Uma história em que se vê o perigo que é uma mulher descontente e aquilo de que um homem é capaz (habitualmente os homens não se conseguem safar tão bem):
A mulher do espião espanhol que quase abortou o Dia D
Araceli González ameaçou ir à embaixada espanhola em Londres, em 1943, revelar que o marido era agente duplo do MI5 e de Hitler. Se o tivesse feito, nazis descobririam que estavam a ser enganados sobre o tão falado desembarque na Normandia
Juan Pujol García foi, de acordo com o historiador britânico Christopher Andrew, "o agente duplo mais importante da Segunda Guerra Mundial e talvez de todo o século XX". Trabalhou em simultâneo para os britânicos e para o regime nazi, tendo sido condecorado por ambos. Fintou o regime de Hitler, enganando-o sobre a data e o lugar do desembarque aliado que viria a acontecer a 6 de junho de 1944 nas praias da Normandia. Natural de Barcelona, o catalão logrou convencer os nazis de que as informações sobre a Normandia "eram manobra de distração" e que uma tal operação iria antes acontecer no Pas-de-Calais (no Norte de França). Esta é a parte da história que já era mais ou menos conhecida. Aquilo que só agora se soube é que o desembarque na Normandia, que ficou para a história como o Dia D, esteve em perigo. E tudo por causa de uma discussão conjugal entre o agente duplo e a mulher, Araceli González.
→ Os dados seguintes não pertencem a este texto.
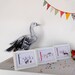 Personalised Name Plate - one of a kind, customised name plate, illustrated in water colour pen and ink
Segundo documentos ontem desclassificados pelos Arquivos Nacionais britânicos, em Kew, Araceli ameaçou ir à embaixada espanhola em Londres no dia 21 de junho de 1943 e contar que o marido era um agente duplo ao serviço do MI5 e de Hitler. A família vivia em Harrow, perto da capital britânica, mas por questões de segurança Araceli e os filhos quase não podiam sair, permanecendo fechados em casa e sempre sob vigilância. A partir de Harrow, Juan Pujol liderava uma rede de espiões alemães que era meramente fictícia: o catalão começara a enganar os alemães com informações falsas sobre os britânicos que enviava a partir de Lisboa (a capital portuguesa foi no passado um importante centro para a espionagem internacional). Para os britânicos, ele era o espião Garbo, para os nazis era Alaric.
"Não quero viver nem mais cinco minutos com o meu marido", disse Araceli a Tomas Harris, agente responsável por vigiar Juan Pujol no MI5, revelam os documentos que foram agora divulgados. "Nem que me matem, eu vou à embaixada", disse ela, que queria voltar para junto da família em Espanha. Vendo o Dia D em perigo, Juan enganou a mulher dizendo que fora despedido e preso pelo MI5 devido às ameaças dela. Como parte da encenação, agentes britânicos levaram Araceli a visitar o marido, detido, fazendo-a recuar nas suas ameaças. Nos documentos desclassificados, Harris realça o engenho de Juan Pujol "que permitiu salvar uma situação que de outra maneira teria sido intolerável". Mas esta não foi a única vez que Araceli foi enganada pelo marido: em 1949 ele encenou a sua morte por malária em Angola, tendo ido viver para a Venezuela. Aí, voltou a casar, com Carmen Cilia, com quem teve mais dois filhos. Morreu (desta vez de verdade) em Caracas, em 1988, aos 74 anos.